Friday, June 4, 2010

When Raid mirroring just won't work - dd to the rescue

Having worked with many businesses on backup procedures, I try to adopt best practice on my own computers.

With this in mind, I have backup copies of entire hard drives which I refresh once or twice a year. This means that in the event of a critical failure, I can quickly grab the backup hard drive and put my main desktop pc back to the state it was in around 6 months ago.
     ( I back up business critical data using additional procedures than those discussed here )

Motherboards tend to have a raid controller, and raid mirroring procedure accessible in BIOS or startup screen.



With a similar sized disk I just select source and mirror and let the motherboard look after creating a backup (one time raid mirror). This always worked until recently* when I had to revert to using dd.


In defense of the 26 hours backup time, this is running dd via a system rescue usb stick on a 5 year old socket 754 motherboard, with SataI rather than SataII maximum throughput. Even so the 15.7 MB/s is shockingly slow, but for a one time job, then maybe that is not such a problem.

*Having bought two matching Samsung F2 1.5TB drives, I was surprised to find the Via onboard raid controller complaining that the drive sizes did not match.

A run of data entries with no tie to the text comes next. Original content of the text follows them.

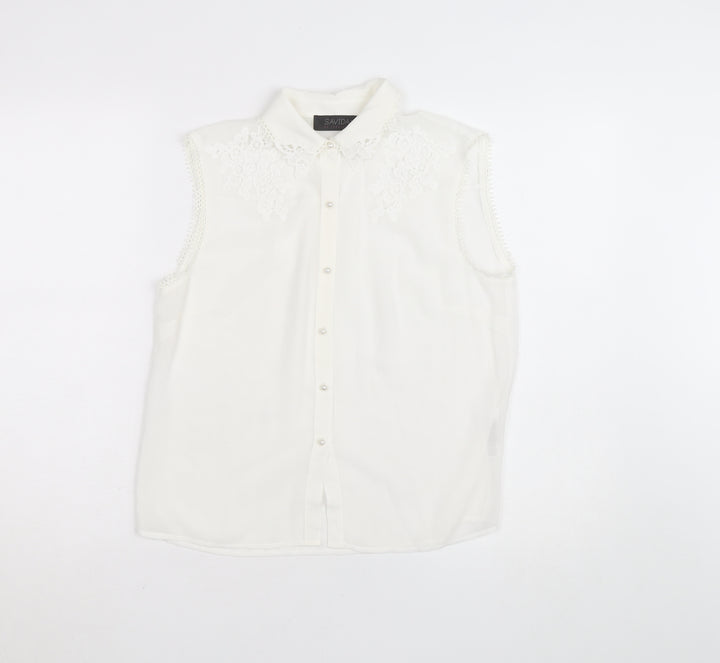 Savida Women's White Embroidered Sleeveless Collared Blouse Size 10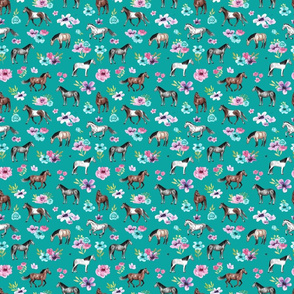 Teal Turquoise Horses and Flowers Small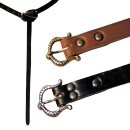 Viking Belt, 2 cm - black, with end and rivets, silver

I can only assume that a 2005 raid controller, might not, in all cases, be good for properly recognising the huge terrabyte plus disks that we can buy today.



Using dd for Mirroring entire Partitions or Disks:

As demonstrated above, dd will do a job for you if your raid setup refuses to do a source -> mirror copy. Using modern hardware you should expect this to take a few hours.
[ using ancient hardware you will be there all day (literally) ]

If you prefer you can use dd for partition by partition mirroring, perhaps in my screenshot I might have used if=/dev/sda1 of=/dev/sdb1, so as to just copy the first partition.

Note: Doing things partition by partition, can be a bit more tricky, as you need to give thought to the partition structure on your output disk and if necessary create suitable partitions there prior to running dd.

Those who might prefer output to a file might like to consider of=/mnt/hugedisk/partition1.dd as a suitable parameter.

Documention for dd can be found in any of these places*:
  • For Debian and Ubuntu in /usr/share/doc/coreutils/
  • by typing in a terminal the command man dd
  • Manpage on the internet (gnu.org)
*Please make an effort to read the dd documentation above before making any comments on this article asking about how to use dd.